I am currently taking a course on field theory, and we are currently working with Lorentz transformations and the likes. I have never really liked the way lorentz transformations are introduced, as previously, they weren’t derived that much, and we just had to take them for granted. The book we are currently working with is also a bit lackluster when it comes to the full derivation of lorentz transformations and the likes, and so I wanted to give this derivation a shot to see if I could explain it in a more intuitive way. Let’s get into it.

Postulates

To start things off, we want to have a few postulates on which we base all further derivation.

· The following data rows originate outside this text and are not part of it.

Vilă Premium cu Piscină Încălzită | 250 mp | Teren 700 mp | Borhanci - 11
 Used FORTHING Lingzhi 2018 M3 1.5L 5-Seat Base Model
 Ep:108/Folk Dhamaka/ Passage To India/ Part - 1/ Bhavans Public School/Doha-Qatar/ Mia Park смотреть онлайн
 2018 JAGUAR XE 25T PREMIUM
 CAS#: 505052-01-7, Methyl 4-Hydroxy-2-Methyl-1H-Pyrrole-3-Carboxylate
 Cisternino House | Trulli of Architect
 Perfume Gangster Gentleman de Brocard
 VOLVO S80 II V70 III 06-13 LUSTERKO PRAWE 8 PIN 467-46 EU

  1. We shall be working in the coordinates $\mathbf{x} = (t,x,y,z)$, representing time and three space coordinates. We assume it possible to transform between coordinate systems.
  2. We imagine our coordinate system to be “inertial”, meaning a body at rest will stay at rest in the frames we observe.
  3. We let the speed of light $c$ be a constant value, independent of our frame of reference.
  4. Lastly, we require that all transformations between frames are linear, meaning that a coordinate transformation are of the form $\mathbf{y} = \Lambda \mathbf{x}$, where $\Lambda$ represents the Lorentz transformation matrix (as of yet structureless).
  5. All transformations should be physical, so no time reversal or space mirroring.

The position vector, which is a 4-vector, will from hereon be noted as $x^{\mu}$, with $\mu \in {0,1,2,3}$. Then, $\mu = 0$ represents time, while the other three values represent space.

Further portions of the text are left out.